Fanfare Ciocarlia is known as being one of the hardest working gypsy bands around, playing somewhere almost every night. Are there even days when you do not touch your instruments?
Lazar Radulescu (trumpet, vocals): "There are days we don't touch our instruments, yes, but honestly, that only happens very rarely because even when we're not playing a concert somewhere we still have to practice to maintain our skill."
At the traditional feasts and weddings in Romania, you guys often play for hours in a row. How much of what you do is improvised?
Lazar Radulescu: "There's always a fixed structure we stick to in each song, but around that the solo-instruments improvise all the time. The main instruments for improvisation are the saxophone, the clarinet and sometimes the trumpet. In that way our music is somewhat similar to jazz."
What can you tell us about your band name? What does "ciocarlia" mean?

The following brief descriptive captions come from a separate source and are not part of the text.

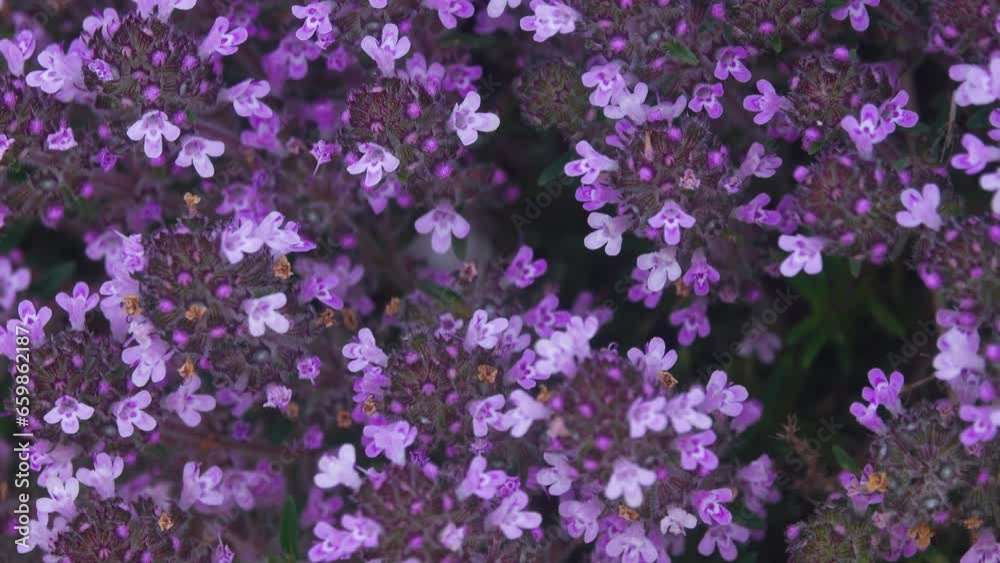 Crimea thyme (Thymus tauricus) in conditions of dry sandy steppes with
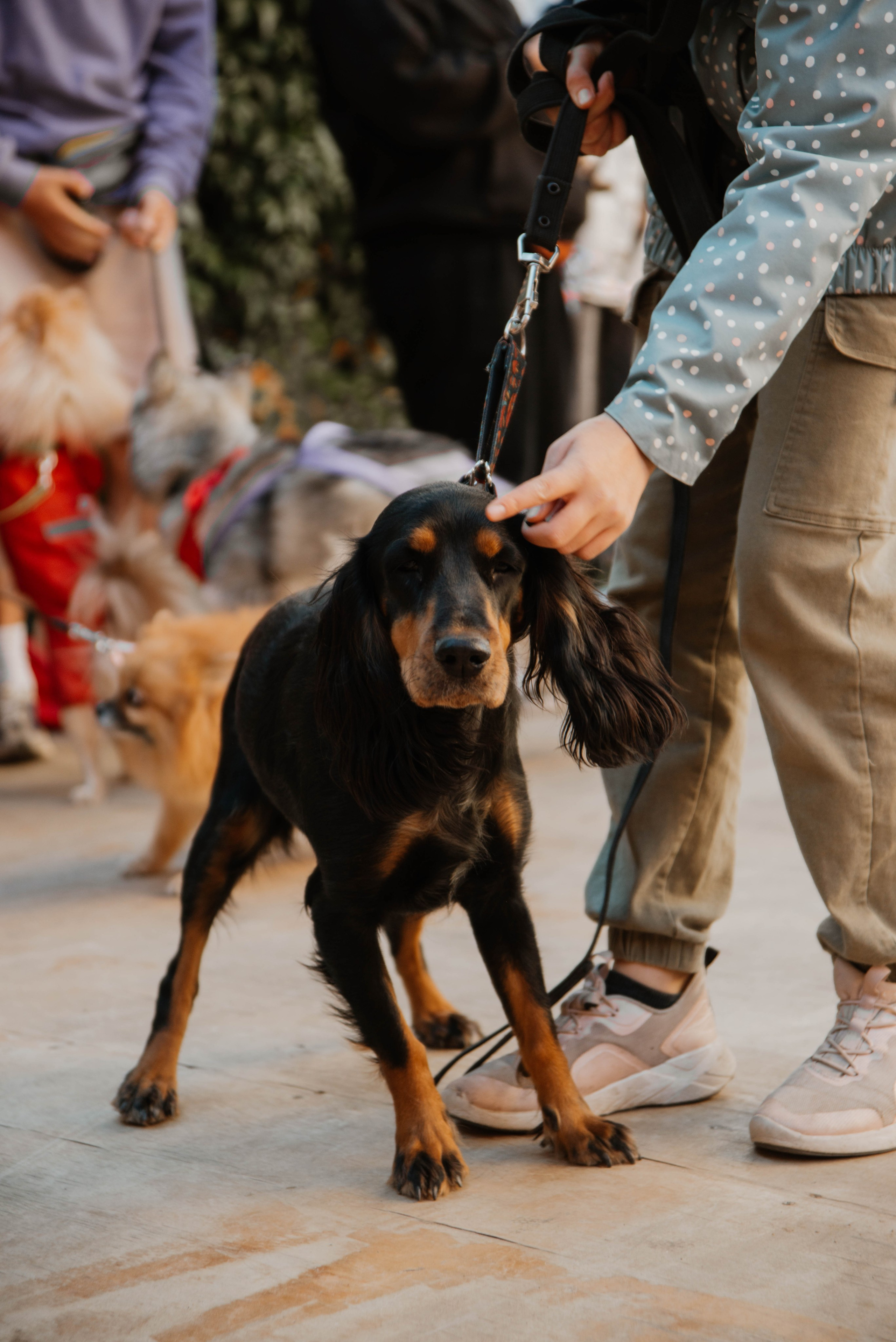Дог-вечеринка на летнике «Кутёж». Ксения Glossa. Портретный и репортажный фотограф в Самаре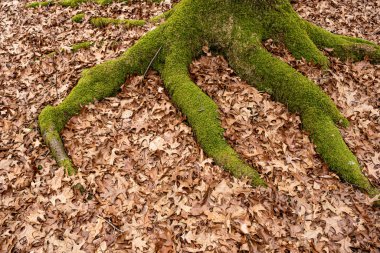 Orman yere kuru yapraklar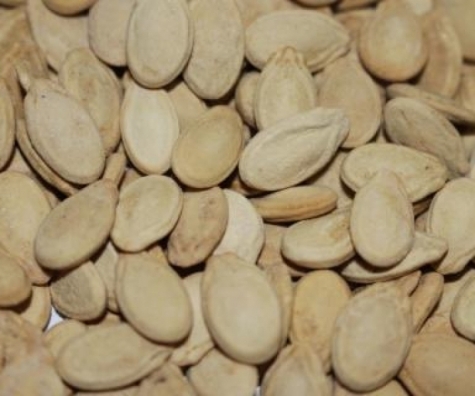 Super Egyptian seeds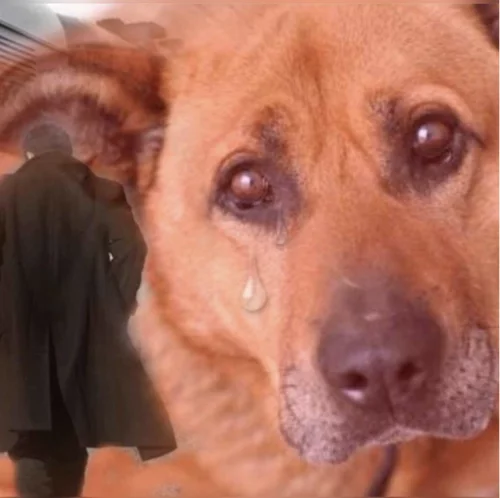 11 лет собака возле трассы ждет своего хозяина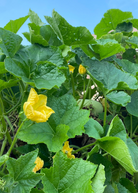 Winter melon fruiting plant in coconut coir pot by Sow Exotic, showing lush green foliage and mature winter melon.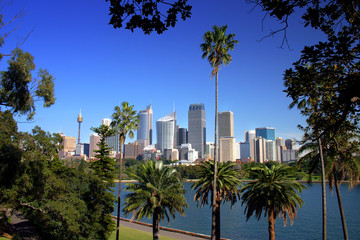 Fototapeta na wymiar Sydney skyline ..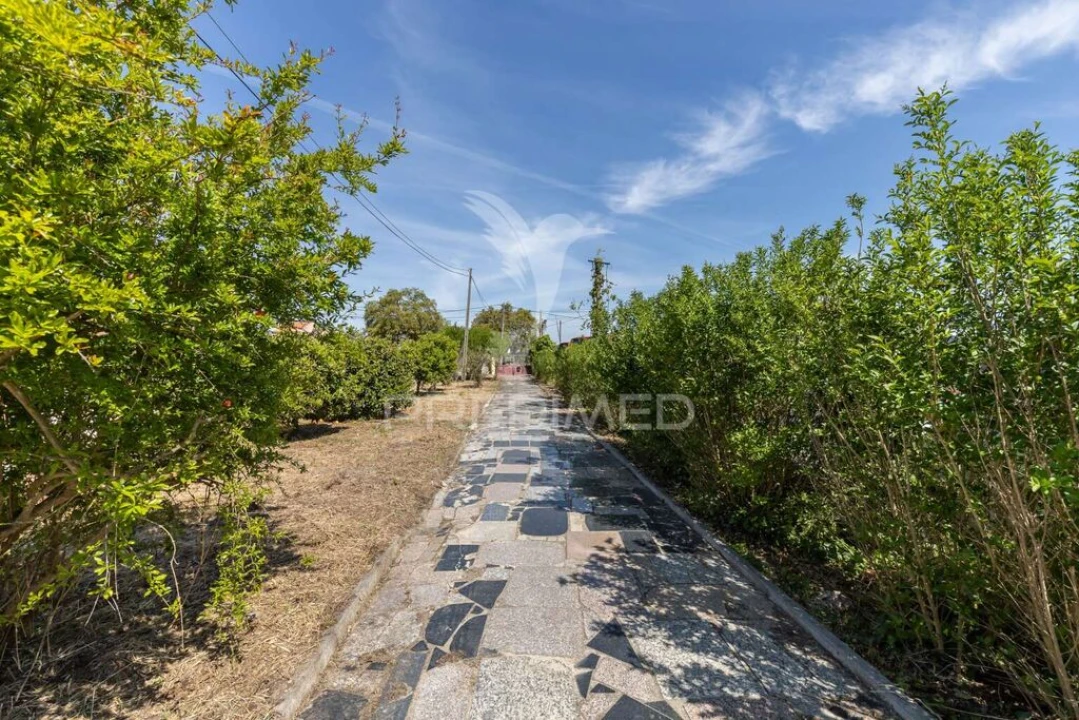 Quinta T5 para Venda em Santo Antonio da Charneca Foto 20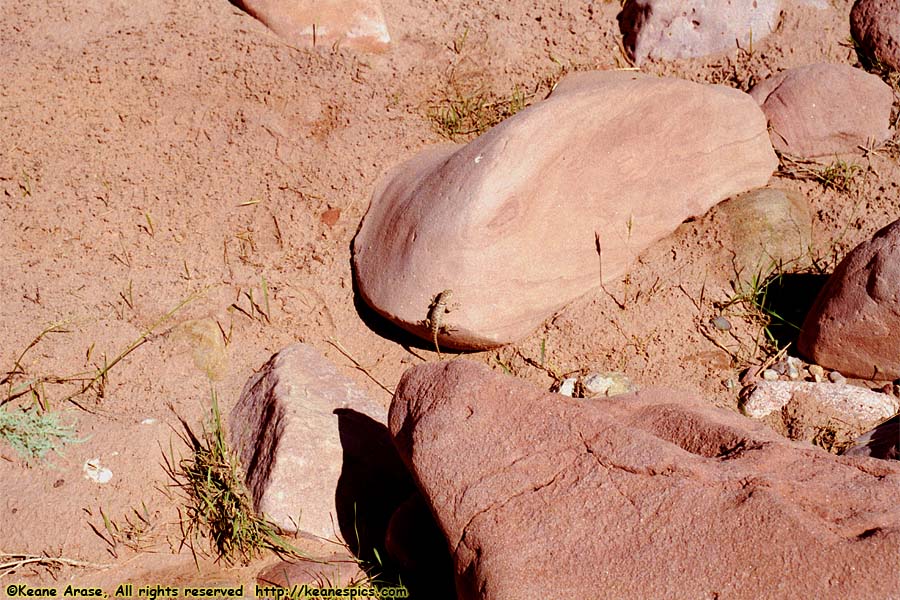 Paria Beach (Colorado River)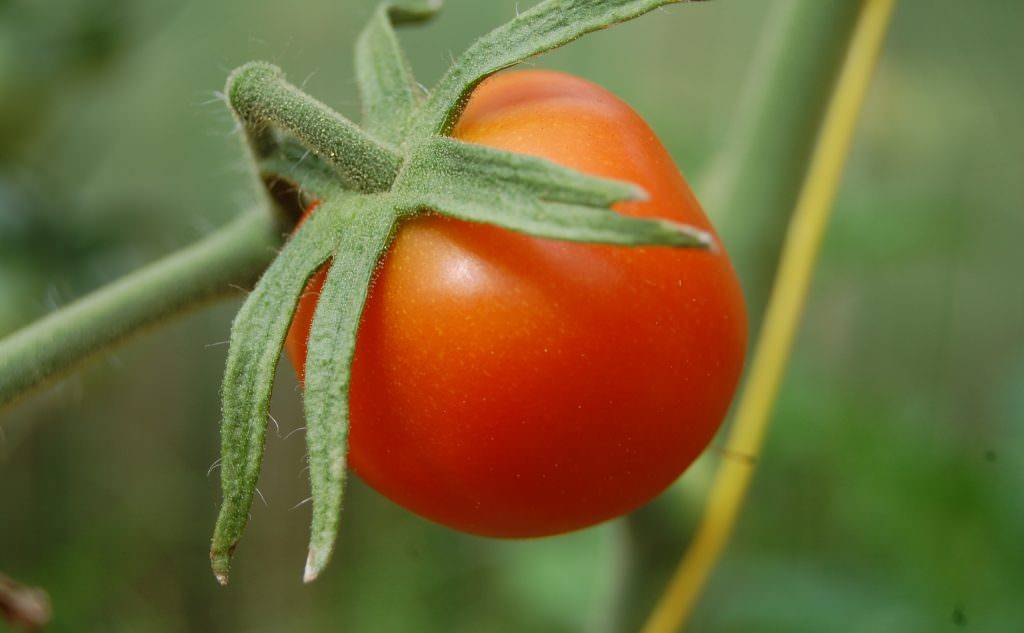 Основные характеристики, описание и урожайность томата клуша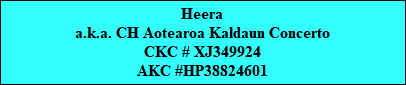 Heera
a.k.a. CH Aotearoa Kaldaun Concerto
CKC # XJ349924
AKC #HP38824601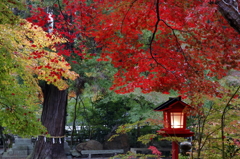 2014秋霖 Ⅸ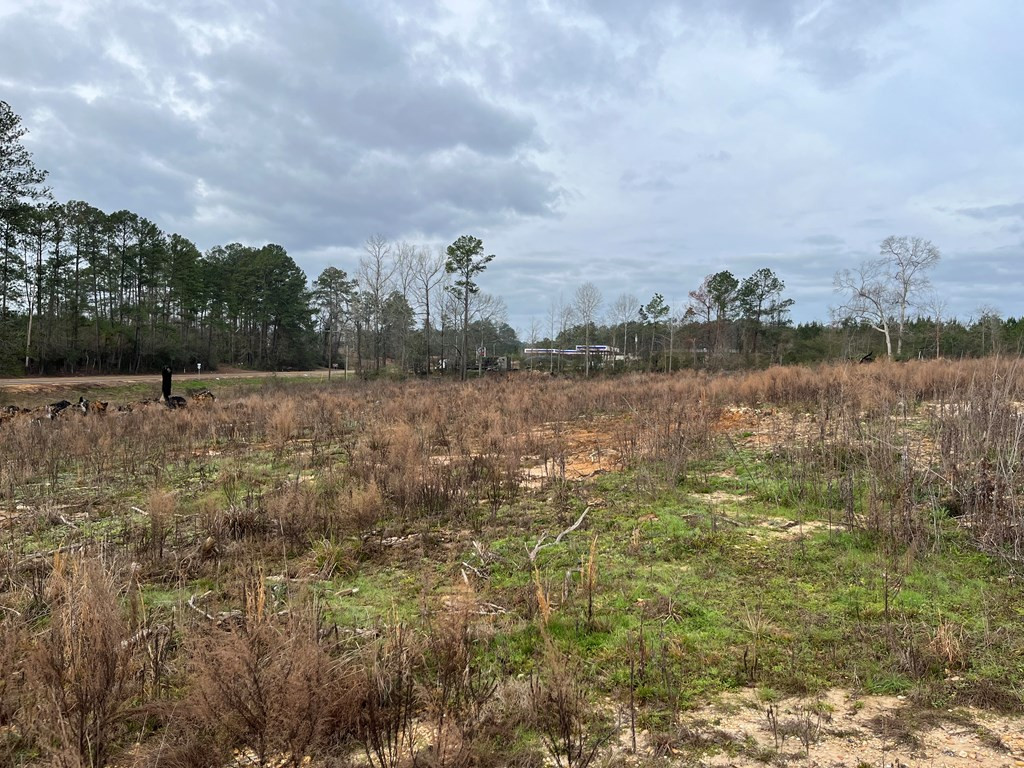 4149 Highway 24 McComb, MS 39648 - Photo 10 of 12 West View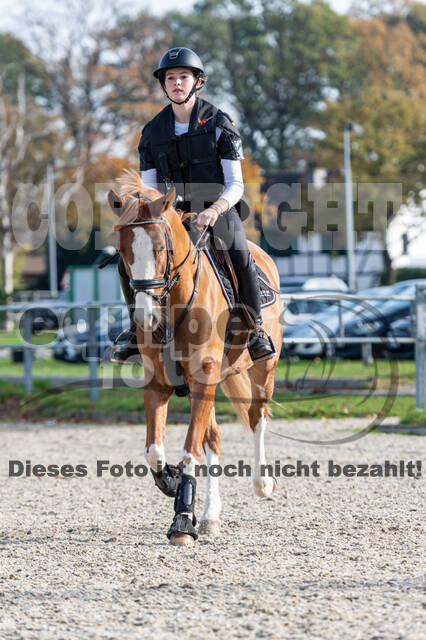 IGV Lehrgang der Sieger der Cups mit Frank Ostholt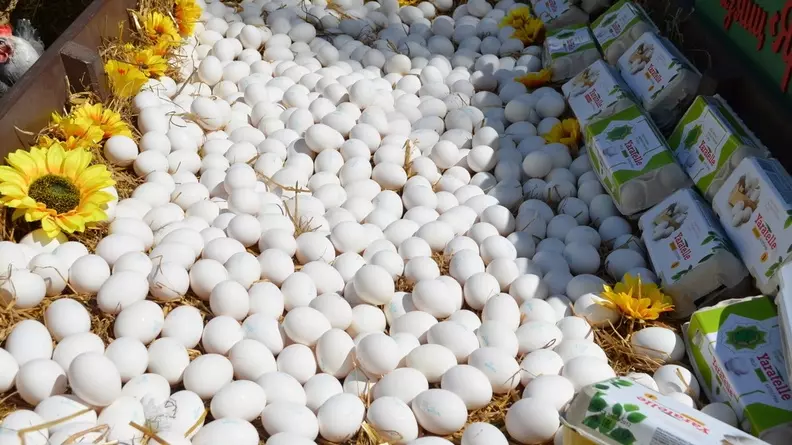 Жителям Ставрополя рассказали, где купить яйца по 90 рублей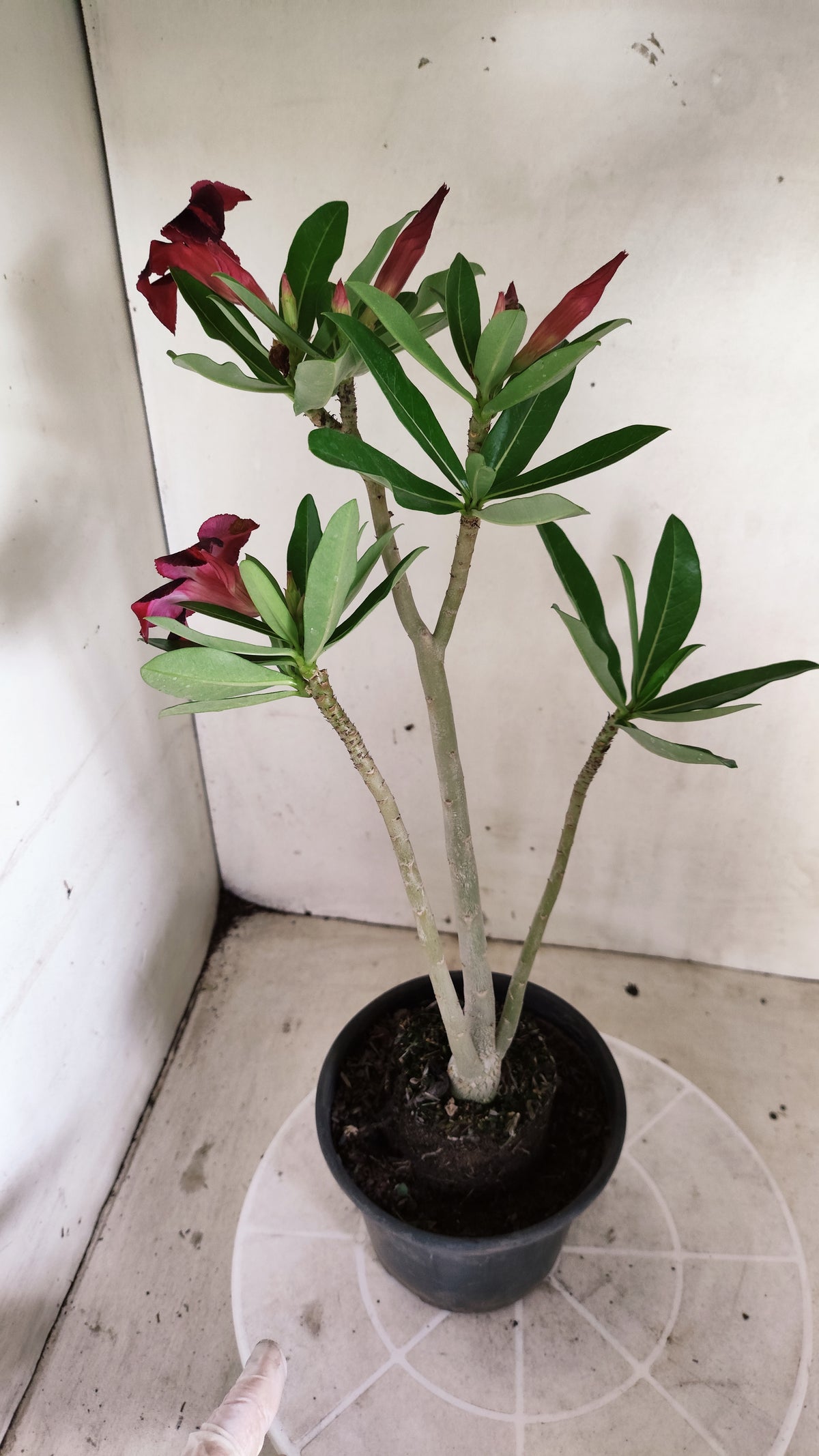 Planta Simples 3680 – 30cm – 02 anos - vaso 15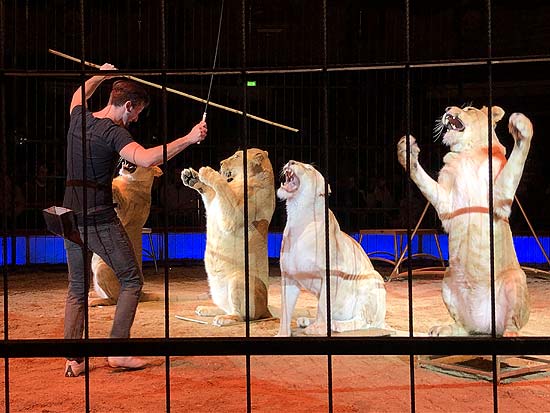 Circus Krone 3. Winterspielzeit 2020: zum ersten Mal in der Mnege mit vier Löwenzu sehen ist Thomas Lacey (27), hier bei der öffentlichen Raubtierpürobe am 23.02.2020 (©Foto: Martin Schmitz)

Lazar Radulescu: "The word "ciocarlia" means "lark" in Romanian, which of course is a nice singing bird and it's also the name of an old song in which we imitate bird song with our instruments. If you can play this song it kind of establishes your virtuosity as a musician in the gypsy community."
You're from Zeje Prajini, a small village in Romania. What can you tell us about that place?
Lazar Radulescu: "As you say, it's a small village of about 400 people. About a century ago, the land it was built on was given to the gypsies by a rich "boyer" or land owner. Ever since that time gypsies have settled there to try and make a living playing music or farming."
Gypsy music is influenced by a lot of music styles ranging from Viennese waltzes over Jewish klezmer to influences from the music played in the old Ottoman Empire. Are there any elements in your music that you would call particularly Romanian?
Lazar Radulescu: "Yes, of course. Apart from gypsy music, we also play traditional Romanian music. The difference is that in our own music we are more able to put our feelings into it by improvising."
Being gypsies, Romani people, living in Romania, do you feel like Romanian nationals?
Lazar Radulescu: "We're very well integrated and have been playing music for and with Romanians our whole lives, so yes I think we consider ourselves to be Romanian citizens, although we will always be Romani first."
With the help of western deejays like Shantel and movies like "Borat: Cultural Learnings of America for Make Benefit Glorious Nation of Kazakhstan" (in which the Fanfare Ciocarlia cover version of the song 'Born To Be Wild' was used for the soundtrack, red.) gypsy music is now hotter than ever. Does that also mean your lives have changed for the better because of it?
Lazar Radulescu: "Yes, our lives have definitely changed for the better. For Fanfare Ciocarlia that already started about ten years ago, when we started doing international tours."
The great godfather of Fanfare Ciocarlia, Ioan Ivancea, passed away not too long ago. How do you remember him?
Lazar Radulescu: "It's always sad to think of his passing. He was our teacher and the father of three musicians in Fanfare Ciocarlia. Ioan represented everything Fanfare Ciocarlia stands for!"
You're now touring with the Gypsy Queens And Kings project. How did that project come about?
Lazar Radulescu: "Well, because we play so many festivals we tend to run into a lot of our colleagues from other countries. That way we met Johnny Iliev, Tato (Antoine 'Tato' Garcia, band leader of the Perpignan based gypsy ensemble Kaloome, red.) and all the other participants of the project. It seemed a nice idea to do a project where we could bring all these people together and bring a kind of international portrait of gypsy music from all corners of the world to the stage."